Study 4 used a substantively different study design from Studies 1-3 and did not seem to have the same quantity or severity of issues as those identified in Study 2. The table below explains the issues in detail.

Type of Issue identified in Study 2	Issue present in Study 4?
There was an error in the news sharing habit measure	Issue not present – The news sharing habit measure did not have a wording error
Amazon Mechanical Turk participants were not evaluated with quality checks	Issue not present – Participants who did not pass a manipulation check were excluded from analyses
The statistical model failed to converge	Issue somewhat present – The primary model converged, but the model used to make the following claim did not converge: “Finally, training had comparable influence on the sharing of weak and strong habit participants as measured by our two indices of habit strength (SI Appendix, section 20).”
Central claims rely on null results, but the study is likely underpowered	Issue somewhat present – Most claims did not rely on a null result, but the following claim did: “Finally, training had comparable influence on the sharing of weak and strong habit participants as measured by our two indices of habit strength (SI Appendix, section 20).” Although the statistical power for Study 4 was not reported, we can infer that it couldn’t have been higher than Study 2 (which was reported to have 75% power to detect an effect of d = .45) since Study 4 had fewer participants and the same number of stimuli for this analysis.
The preregistration was not followed, but was claimed to have been	Issue somewhat present – The primary preregistered analysis was mostly followed. However, the preregistration does not specify testing an interaction between headline veracity and experimental condition, even though the primary reported model does test this. But, the hypotheses section of the preregistration predicts a significant interaction between these variables so it is likely that not specifying the interaction in the analysis was simply an error. Other minor deviations from the preregistered analyses include: (a) using estimated marginal means to assess simple effects instead of the preregistered t-tests (b) including random intercepts for stimuli in the model despite not preregistering this
Most reported numbers were model predictions, but were not stated as such	Issue somewhat present – Many of the descriptive statistics do not appear to be model results. However, there is a section where the means for three different measures of participants’ goals for sharing information are reported. These values appear to be model predictions calculated using estimated marginal means. Fortunately, the actual means and the model-predicted means only differ by between 0.01 and 0.15 on a 1-7 scale.
The cut-off value to qualify as a weak habitual sharer is impossible for any participant to score	N/A – The study does not binarize news sharing habit scores into low and high habitual sharers.
The primary claims don’t match the provided evidence	Issue somewhat present – Many of the claims match the model results, but the following two claims treat a null result as evidence for no effect: “training had comparable influence on the sharing of weak and strong habit participants as measured by our two indices of habit strength (SI Appendix, section 20).” “our proposed intervention impacted both weakly and strongly habitual users—the ones who are disproportionately responsible for spreading misinformation on social platforms. Thus, this intervention had broad effects.”

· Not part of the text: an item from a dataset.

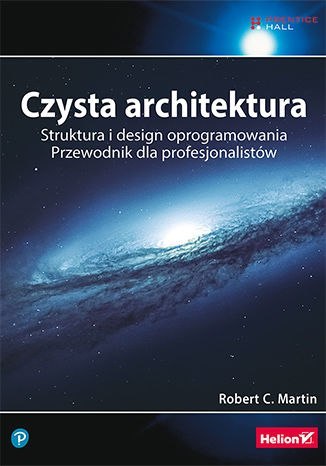 Czysta architektura. Struktura i design oprogramowania. Przewodnik dla profesjonalistów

We did not try to fully reproduce all of the results for Studies 1, 3, & 4 as we did for Study 2. However, in the course of checking whether Study 4 contained any of the same major issues as Study 2, we came across a number of minor errors, as well. Although we think these errors do not affect the high-level pattern of results, they do add to our general concern about the reliability of the findings reported in the paper (to see examples of these errors, see the Appendix section titled “Additional information about errors detected in Study 4”).

Summary of issues in other studies

In sum, from a quick review of Studies 1, 3, and 4, we detected many of the same Study 2 issues in Studies 1 & 3, but fewer issues in Study 4. Nevertheless, Study 4 still contained several minor instances of some of the Study 2 issues and also had a handful of numerical errors.

Conclusion

Because of the issues we encountered when trying to reproduce the results reported in Study 2 (described above), we chose not to replicate the study. Based on a quick review, the other studies in the paper have some, but not all, of the same issues as Study 2. Study 2 did not receive a replicability rating since we did not attempt to replicate it.

The materials, pre-processed data, and analysis code were publicly available for Study 2. The analysis code did not successfully run on the provided pre-processed data, but the authors readily provided the raw data upon request. The study was preregistered, but the preregistered analyses were not followed and these deviations were not mentioned in the paper. The study received 3.75 stars for transparency.

The issues with Study 2 documented above led to unreliable results and/or incorrect claims. We think these issues will cause readers to come away with an inaccurate impression of what the study shows. The study received 0 stars for clarity.

Purpose of Transparent Replications by Clearer Thinking

Transparent Replications conducts replications and evaluates the transparency of randomly-selected, recently-published psychology papers in prestigious journals, with the overall aim of rewarding best practices and shifting incentives in social science toward more replicable research.

We welcome reader feedback on this report, and input on this project overall.

Author Response

Our feedback process with the original authors proceeded in a few rounds of communication. They are presented in order below.

First Round

The lead author submitted the following response on behalf of the authorship team. The numbered points correspond to the section in the report being addressed.

We appreciate you taking the time to analyze our paper.

However, we respectfully but firmly disagree with the majority of your critiques.

As detailed in our attached response, we have extensively replicated these findings across multiple studies using various measures and methods. While you correctly identified a typo in one habits measure, this does not impact our results’ robustness, as demonstrated through multiple replications and alternative measures.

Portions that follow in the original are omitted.